= Socialization (Marxism) =

Economic process

In the theoretical works of Karl Marx and Friedrich Engels and subsequent Marxist writers, socialization (or the socialization of production) is the process of transforming the act of producing and distributing goods and services from a solitary to a social relationship and collective endeavor. With the development of capitalism, production becomes centralized in firms and increasingly mechanized in contrast to the pre-capitalist modes of production where the act of production was a largely solitary act performed by individuals. Socialization occurs due to centralization of capital in industries where there are increasing returns to scale and a deepening of the division of labor and the specialization in skills necessary for increasingly complex forms of production and value creation. Progressive socialization of the forces of production under capitalism eventually comes into conflict with the persistence of relations of production based on private property; this contradiction between socialized production and private appropriation of the social product forms the impetus for the socialization of property relations (socialism).

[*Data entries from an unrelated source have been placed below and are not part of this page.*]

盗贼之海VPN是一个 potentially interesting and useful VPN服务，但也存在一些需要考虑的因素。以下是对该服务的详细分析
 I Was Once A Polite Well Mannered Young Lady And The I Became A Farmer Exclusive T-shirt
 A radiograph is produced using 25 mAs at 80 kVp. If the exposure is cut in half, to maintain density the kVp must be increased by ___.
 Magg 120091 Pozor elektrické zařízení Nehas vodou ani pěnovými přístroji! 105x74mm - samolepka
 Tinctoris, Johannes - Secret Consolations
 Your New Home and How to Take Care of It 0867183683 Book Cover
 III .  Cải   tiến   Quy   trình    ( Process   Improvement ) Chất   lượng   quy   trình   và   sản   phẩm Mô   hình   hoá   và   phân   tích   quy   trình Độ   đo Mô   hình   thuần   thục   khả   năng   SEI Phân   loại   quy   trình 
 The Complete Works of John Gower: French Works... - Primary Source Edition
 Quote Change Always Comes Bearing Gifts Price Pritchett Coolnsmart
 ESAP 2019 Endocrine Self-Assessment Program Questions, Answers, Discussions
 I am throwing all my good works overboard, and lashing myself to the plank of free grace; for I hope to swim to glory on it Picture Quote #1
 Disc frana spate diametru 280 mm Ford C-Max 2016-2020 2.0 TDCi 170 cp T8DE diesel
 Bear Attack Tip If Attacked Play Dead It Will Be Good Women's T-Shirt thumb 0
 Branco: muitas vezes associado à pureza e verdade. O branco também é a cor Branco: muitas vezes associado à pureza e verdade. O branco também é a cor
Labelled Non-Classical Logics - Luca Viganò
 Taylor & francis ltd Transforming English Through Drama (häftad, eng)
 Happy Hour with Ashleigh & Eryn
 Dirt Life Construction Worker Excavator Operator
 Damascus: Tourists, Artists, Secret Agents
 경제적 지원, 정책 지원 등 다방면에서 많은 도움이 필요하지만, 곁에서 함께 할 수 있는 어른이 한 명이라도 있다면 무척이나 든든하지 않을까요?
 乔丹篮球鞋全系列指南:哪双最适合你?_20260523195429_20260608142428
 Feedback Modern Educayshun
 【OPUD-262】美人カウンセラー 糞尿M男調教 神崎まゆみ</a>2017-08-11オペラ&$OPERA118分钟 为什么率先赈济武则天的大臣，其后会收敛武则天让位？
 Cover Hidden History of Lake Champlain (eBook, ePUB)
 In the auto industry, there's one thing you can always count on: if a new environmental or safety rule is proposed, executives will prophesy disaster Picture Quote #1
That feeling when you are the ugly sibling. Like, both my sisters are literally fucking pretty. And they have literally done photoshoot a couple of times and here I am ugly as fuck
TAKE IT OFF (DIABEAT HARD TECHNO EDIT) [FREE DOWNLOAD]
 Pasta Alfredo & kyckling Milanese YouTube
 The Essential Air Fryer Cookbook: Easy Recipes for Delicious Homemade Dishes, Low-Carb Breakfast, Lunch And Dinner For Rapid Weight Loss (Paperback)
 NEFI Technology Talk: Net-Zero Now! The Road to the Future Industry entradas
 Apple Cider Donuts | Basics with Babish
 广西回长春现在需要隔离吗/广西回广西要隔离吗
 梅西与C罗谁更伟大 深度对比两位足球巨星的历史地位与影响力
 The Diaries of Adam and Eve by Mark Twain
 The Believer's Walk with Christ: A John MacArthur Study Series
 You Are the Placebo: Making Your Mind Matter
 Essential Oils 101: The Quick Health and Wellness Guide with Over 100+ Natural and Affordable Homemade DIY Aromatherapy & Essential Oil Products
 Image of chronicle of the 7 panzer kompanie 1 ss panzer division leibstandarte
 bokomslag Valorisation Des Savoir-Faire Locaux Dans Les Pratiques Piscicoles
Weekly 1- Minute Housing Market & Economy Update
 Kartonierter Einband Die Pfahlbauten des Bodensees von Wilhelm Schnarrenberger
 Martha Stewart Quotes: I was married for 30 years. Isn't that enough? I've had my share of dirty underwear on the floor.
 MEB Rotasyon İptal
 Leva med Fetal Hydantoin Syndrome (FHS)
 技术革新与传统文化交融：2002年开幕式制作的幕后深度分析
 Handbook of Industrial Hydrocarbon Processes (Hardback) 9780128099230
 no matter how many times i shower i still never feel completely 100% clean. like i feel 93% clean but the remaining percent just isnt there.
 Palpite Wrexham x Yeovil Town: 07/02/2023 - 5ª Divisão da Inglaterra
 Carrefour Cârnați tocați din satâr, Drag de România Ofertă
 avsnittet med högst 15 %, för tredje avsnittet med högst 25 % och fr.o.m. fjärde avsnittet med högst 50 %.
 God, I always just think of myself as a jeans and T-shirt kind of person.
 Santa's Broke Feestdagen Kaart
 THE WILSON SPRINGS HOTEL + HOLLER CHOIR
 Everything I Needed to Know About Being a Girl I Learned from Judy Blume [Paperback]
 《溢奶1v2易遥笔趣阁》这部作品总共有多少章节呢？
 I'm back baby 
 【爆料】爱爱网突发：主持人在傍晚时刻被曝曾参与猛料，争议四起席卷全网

In Marx's critique of political economy, as capitalism develops a contradiction emerges between the increasingly socialized act of production and the private ownership and appropriation of surplus value. Classical Marxist theory posits that this contradiction will intensify to a point where socialization of surplus value appropriation in the form of social ownership of the means of production will be necessitated, resulting in a transition from capitalism to socialism.

==Definition==
Karl Marx defined socialization as a general phenomenon where the labor process comes to embody the capabilities and constraints developed in society as opposed to private experiences, with objective socialization of the forces of production being the deepening of the social division of labor including specialization of skills and deepening interdependence between industries and regions.

== In Marxist theory ==
Socialization is a process that begins to take place in capitalism as large-scale manufacturing based on a vertical division of labor displaces "cottage industry" - the small-scale production shops, guilds and family-run businesses that existed in feudal economies. This process transforms the act of production into an increasingly social and collective process involving planning and greater coordination among producers, but appropriation of the social product in the form of private profit continues to be a private affair by investors and owners of the enterprise. Furthermore, exchange of the commodities produced is the private act of a small group of capitalists or an individual owner. As the process of socialization expands, a contradiction between the socialized nature of production and the individual nature of appropriation of the surplus product arises, coinciding with the obsolescence of the functions performed by the capitalists (the private owners).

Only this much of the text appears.